GIVEN MATERIAL below:
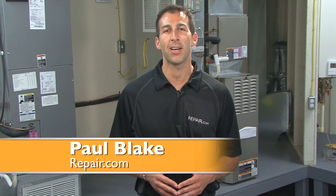Keeping cool when it's hot greatly depends on whether your air conditioner keeps it cool. Hi, I'm Paul Blake for Repair.com, with maintenance steps you can follow to ensure your air conditioner runs efficiently and minimize costly repair bills down the road.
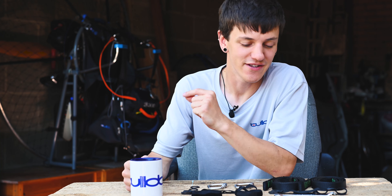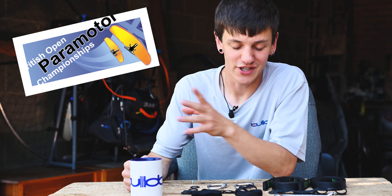Hey guys, welcome to a new mini-series. This series is going to be about my road to the British Power Motor Open Championships.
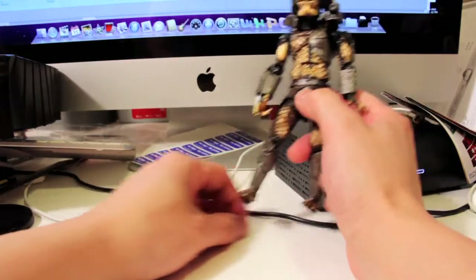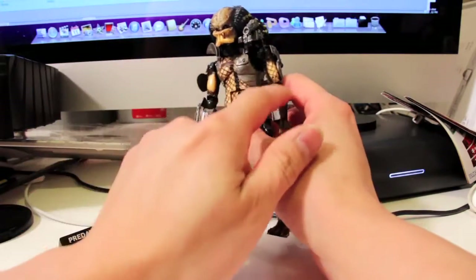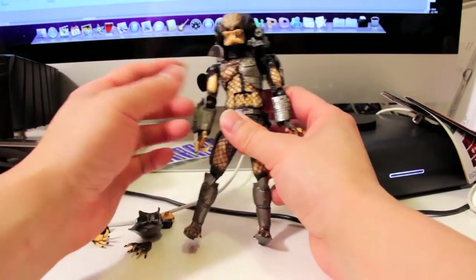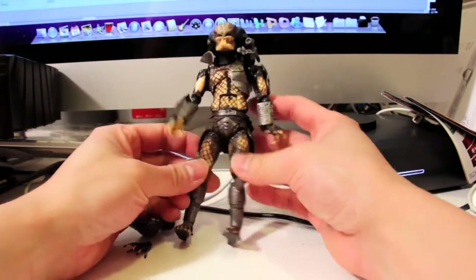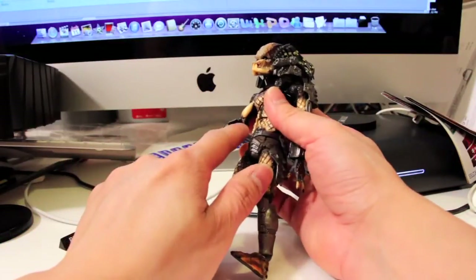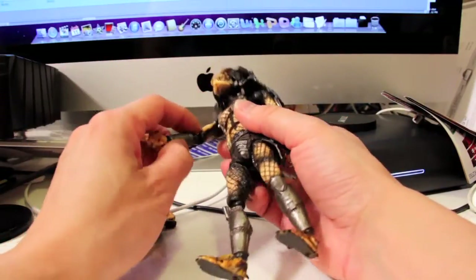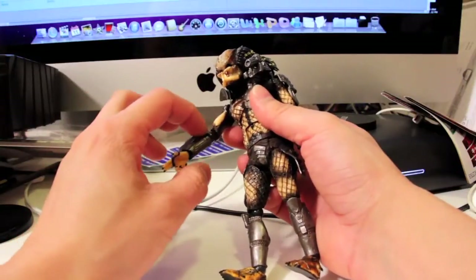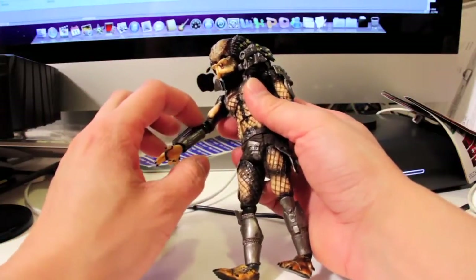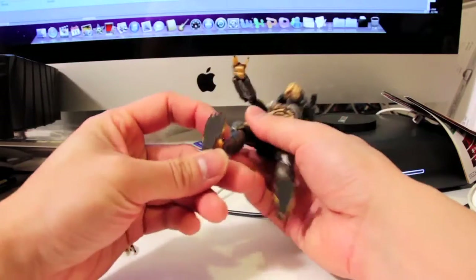Had they made a Revoltech for Predator 2, you'd get a whole arsenal — the spear, the throwing disc, the medical kit — there's a lot of stuff they could have included. But this is number one, the first one. Let's talk about articulation. The elbows and shoulders are very evident because of the ball joints — that's what Revoltech figures are known for. One thing I was hoping for was that they could have hidden the ball joints better. Making them black makes them stand out. Maybe they could have painted them brown or beige with a netting pattern for better camouflage.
End of GIVEN MATERIAL.
> [WORK INSTRUCTION]
The copy should hold exactly the lines from the line containing "Hey guys, welcome" through the end of the data, both ends included, and no pictures.

> [REPLY TO THE EXERCISE]
Hey guys, welcome to a new mini-series. This series is going to be about my road to the British Power Motor Open Championships.
Had they made a Revoltech for Predator 2, you'd get a whole arsenal — the spear, the throwing disc, the medical kit — there's a lot of stuff they could have included. But this is number one, the first one. Let's talk about articulation. The elbows and shoulders are very evident because of the ball joints — that's what Revoltech figures are known for. One thing I was hoping for was that they could have hidden the ball joints better. Making them black makes them stand out. Maybe they could have painted them brown or beige with a netting pattern for better camouflage.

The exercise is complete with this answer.